Chaloner recently organized the Cayman National Championships – which he won – and from the results he has a good idea of who to pick for Cayman in this summer’s Senior Caribbean Area Squash Association Championships, which Cayman is hosting on Aug. 15-23. Chaloner will be a player-coach as well as an organizer. Just prior to that, he will be taking a group of 17 youngsters to Barbados to play in the Junior CASA competition, which he said is “a fantastic event and a great target for the Cayman kids to aim for.”
There is an after-school program which started on Monday and runs for 10 weeks and provides 15 hours of squash coaching each week for all standards of junior players.
There is also an inter-schools competition for the younger year groups at the end of May.
Chaloner is also taking Julian Jervis to the Youth Commonwealth Games in September as Cayman’s only squash representative.
Somehow Chaloner also finds the time and energy to play hardball doubles, a high-paced squash game that involves working with a partner moving, anticipating and communicating as one.
It also has a risky edge as the ball is much harder than a standard squash ball. The balls whizz around much faster and behave differently too as they skid along the walls, so the different angles that can be played and exploited make for a very creative game.
He has even managed to earn to a world ranking of No. 5, despite not having a doubles court to practice on, as the dimensions are completely different to a regular squash court.
He also enjoys a round of golf whenever the chance arises. “It’s challenging and hooks you in to always try to be better when one good shot makes you think you can repeat it on demand.”
His sporting highlights include winning the World Team Championships for England in 1995, with Chaloner winning the deciding match and achieving the Commonwealth Games gold medal in the men’s doubles at the 1998 Games with Paul Johnson.
Chaloner was also the England captain and claimed the European Team Championship during this time.
Now his only sporting ambitions are to be able to play all sports with son Hugo, 13 months, as he grows up.
The 42-year-old Englishman from Lincolnshire started swimming aged 6 and was competitive at that, then took part in some biathlons (running and swimming) for a couple of years before being introduced to squash which completely took over from swimming. At college he excelled at cross country running, rugby and field hockey.
His early sporting heroes were squash legends Jonah Barrington and Jahangir Khan, as well as Michael Jordan.
Now there are younger champs he admires, such as golfer Jordan Spieth for winning the Masters at 21 last month. “To handle the pressure on him at such a young age is incredible,” he said.
Chaloner thinks the Cayman sporting scene is “really vibrant” because there are so many options. “It’s great to see more and more people choosing a healthy option.”
He would like to see a state-of-the-art national training center that would cover many sports with facilities to train, rehabilitate and recover athletes, as well as providing various arenas enabling the general public to participate in a wide range and to spectate during elite competitions.
Cayman’s attractiveness for sports tourism is great, he feels, but the high cost of accommodation and transport issues for visitors are drawbacks.
“An ideal situation would be to have a purpose-built accommodation block attached to a training facility that could be provided at low cost compared to hotels for traveling teams who wish to visit for whatever reason,” Chaloner said.
There are plenty of talented squash players coming through. Who does Chaloner tip to become a top pro?
“This is a good question and a difficult one to answer as many talented players are putting a lot of effort into getting their standard to a high enough level to help them gain entry into a U.S. university, after which they may or may not become professional players.

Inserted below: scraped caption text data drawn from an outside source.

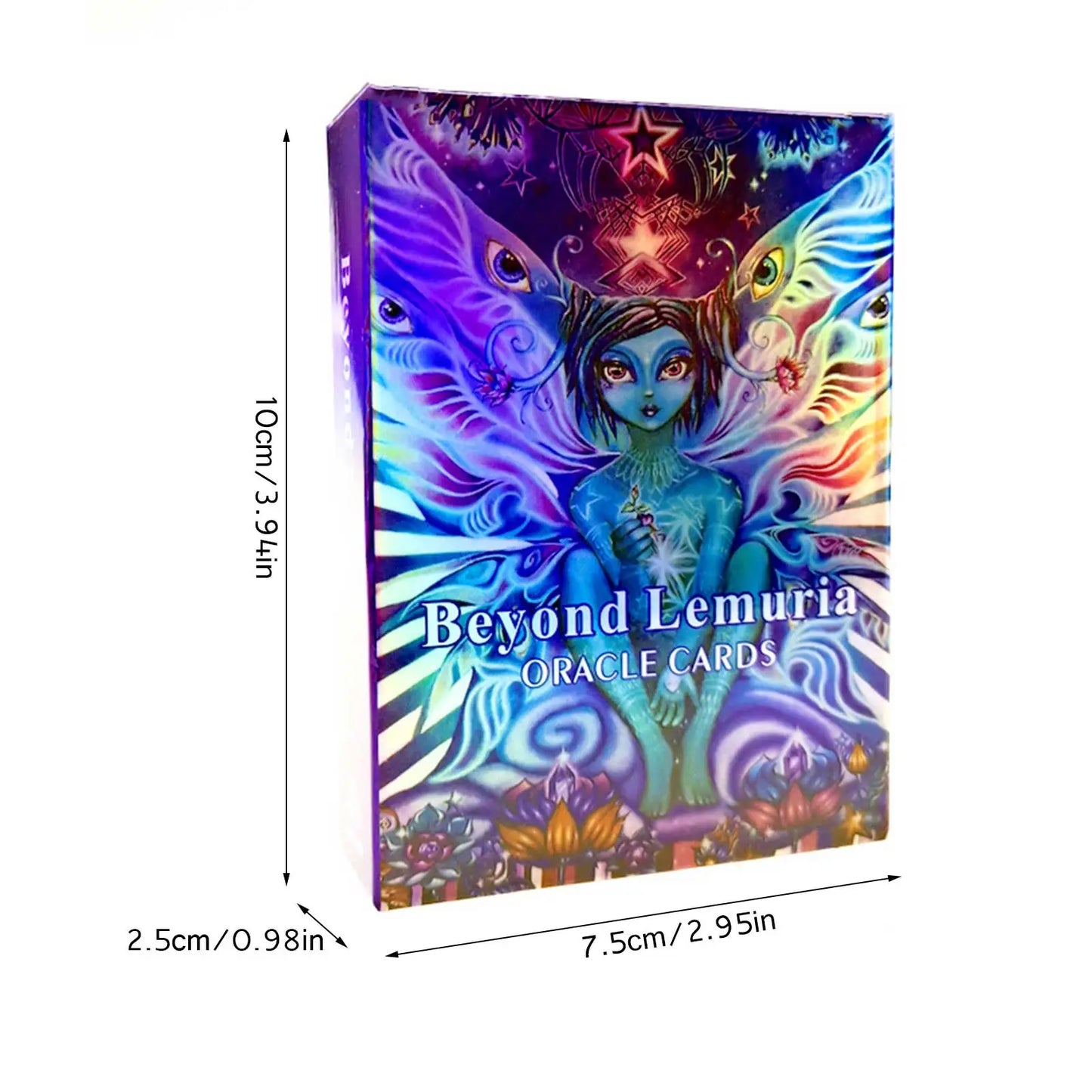 Beyond Lemuria Oracle Cards – Full English 44-Card Vibrational Energy Deck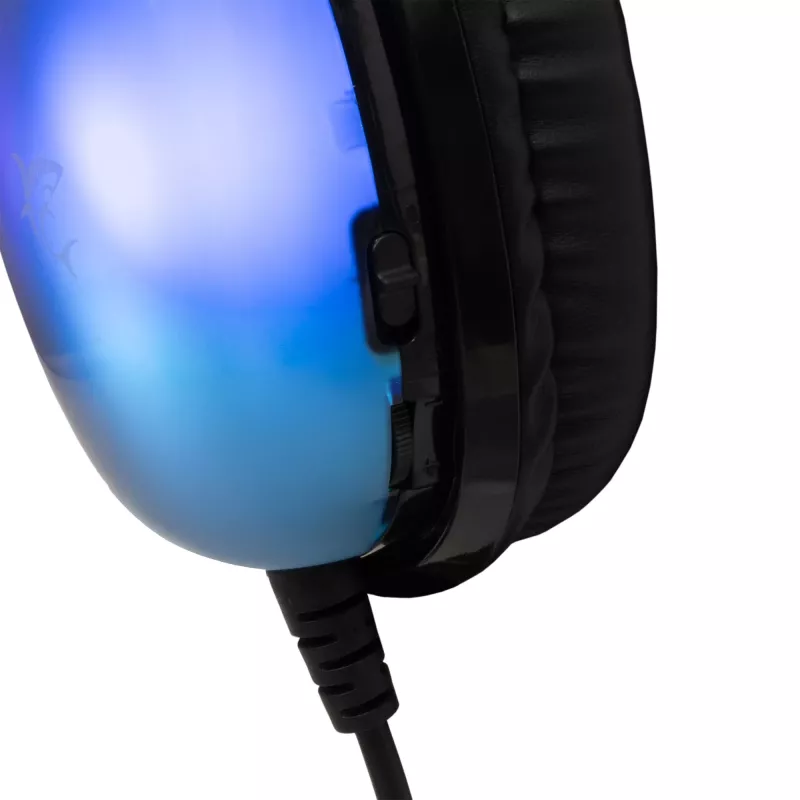 Austiņas White Shark GH-2444 Peacock-2 Melnas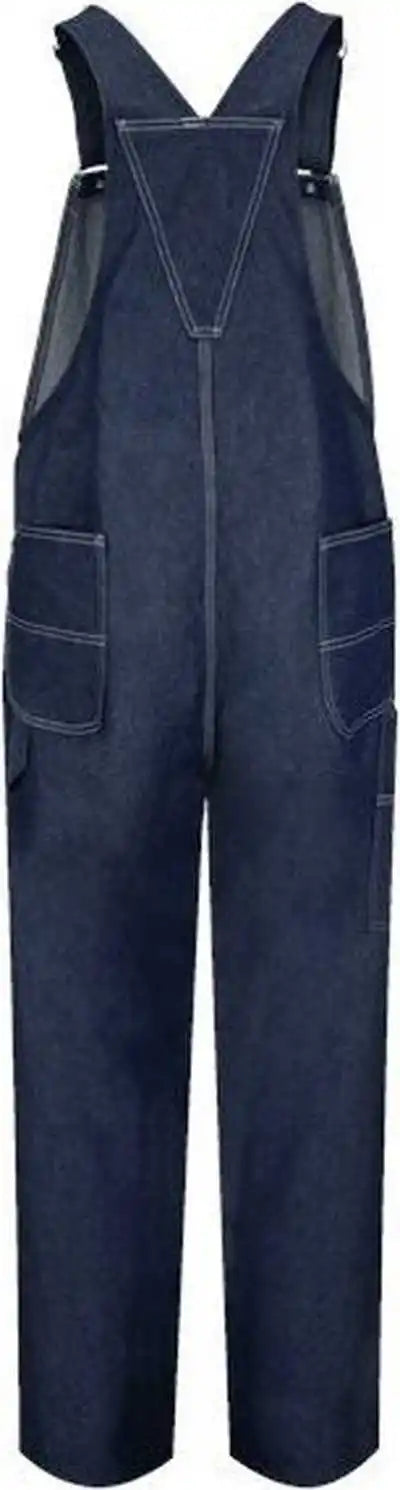 Red Kap Bd10 Denim Bib Overall 34i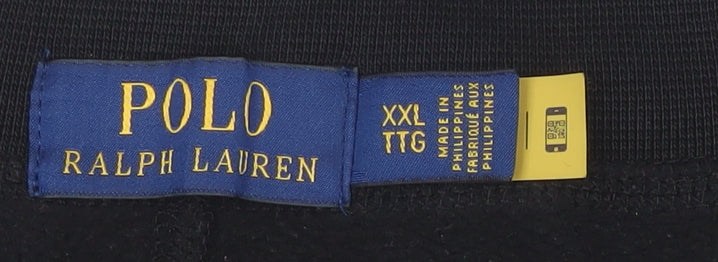 Ralph Lauren Men's Black Jogger Trousers 2XL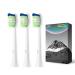 JTF Sonic Smart Toothbrush Genuine Standard Brush Heads 3 Pack White P200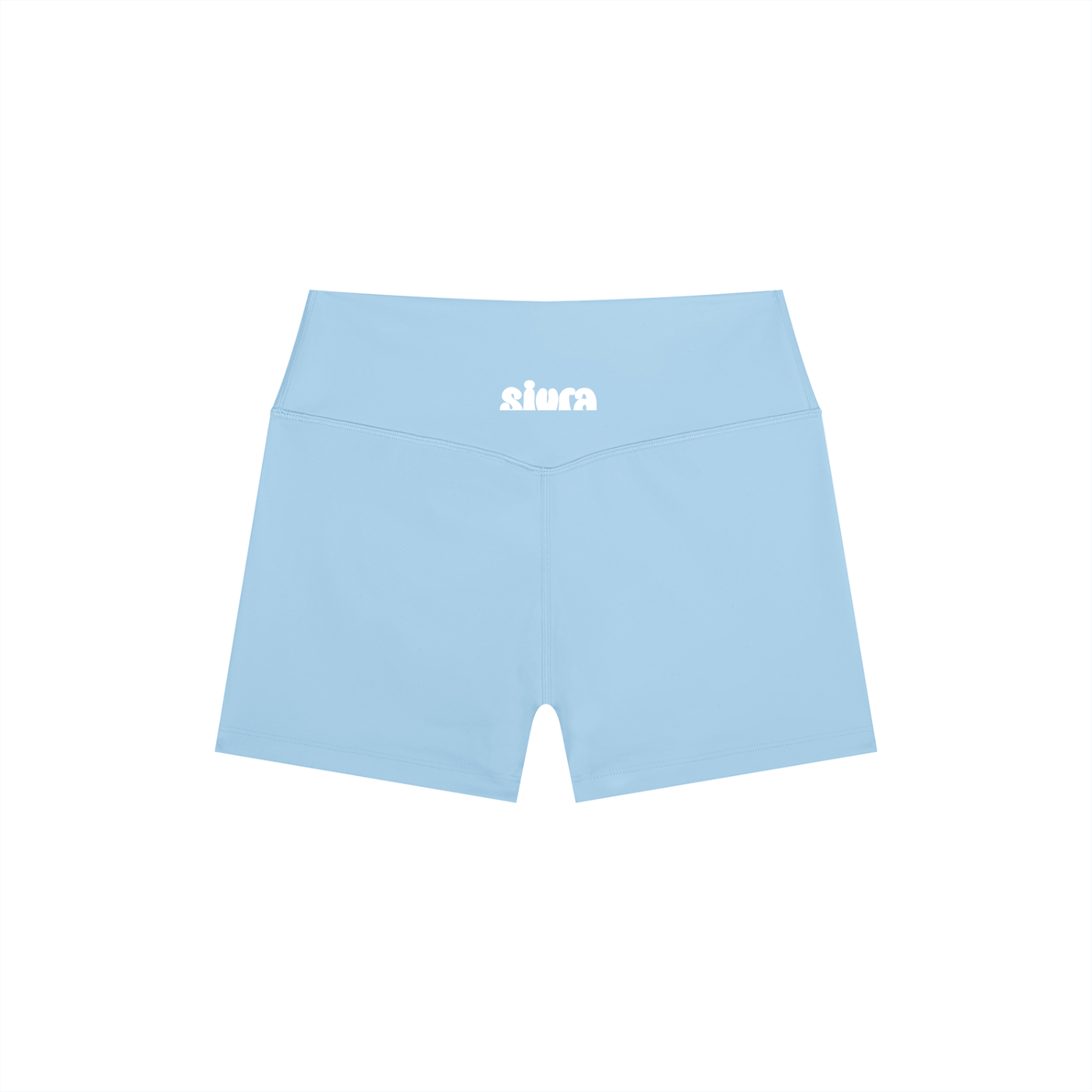 sivra's high rise yoga shorts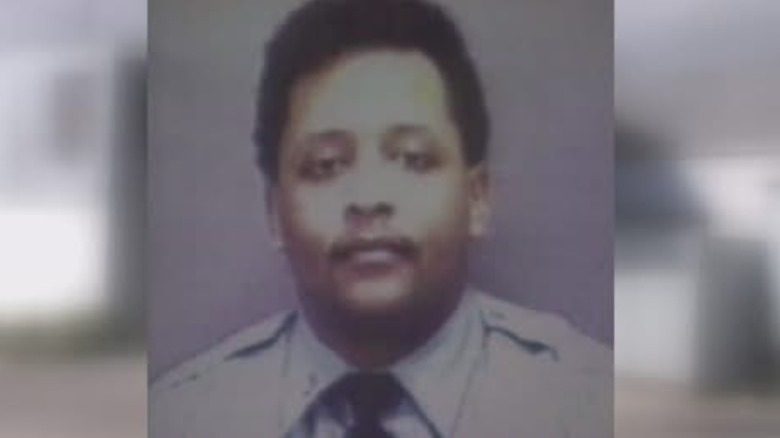 Len Davis police portrait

“Their university degrees will still prove to be useful to fall back on should they not make it as professional squash players on the circuit.”
He added that Egypt is producing some “incredible players right now and they have a very attacking style of play,”
He said that the U.S. is also nurturing some good players but no one yet of the caliber of the top Egyptians.
Chaloner is helping Cayman’s sports tourism income in his own modest way. He has a growing number of squash tourists coming down specifically for high-quality coaching whilst vacationing.
“I have had players from Chile, the U.S., Canada, U.K., as well as university teams from the U.S., including Harvard and Brown in January, along with George Washington University, Rochester, Dartmouth previously.
“Potentially Drexel are looking to visit this coming year. Each university generally brings down their men’s and women’s teams which consist of 15 players per team, so it’s a great thing for Cayman.”
Mark Chaloner’s website is www.squashvacations.com.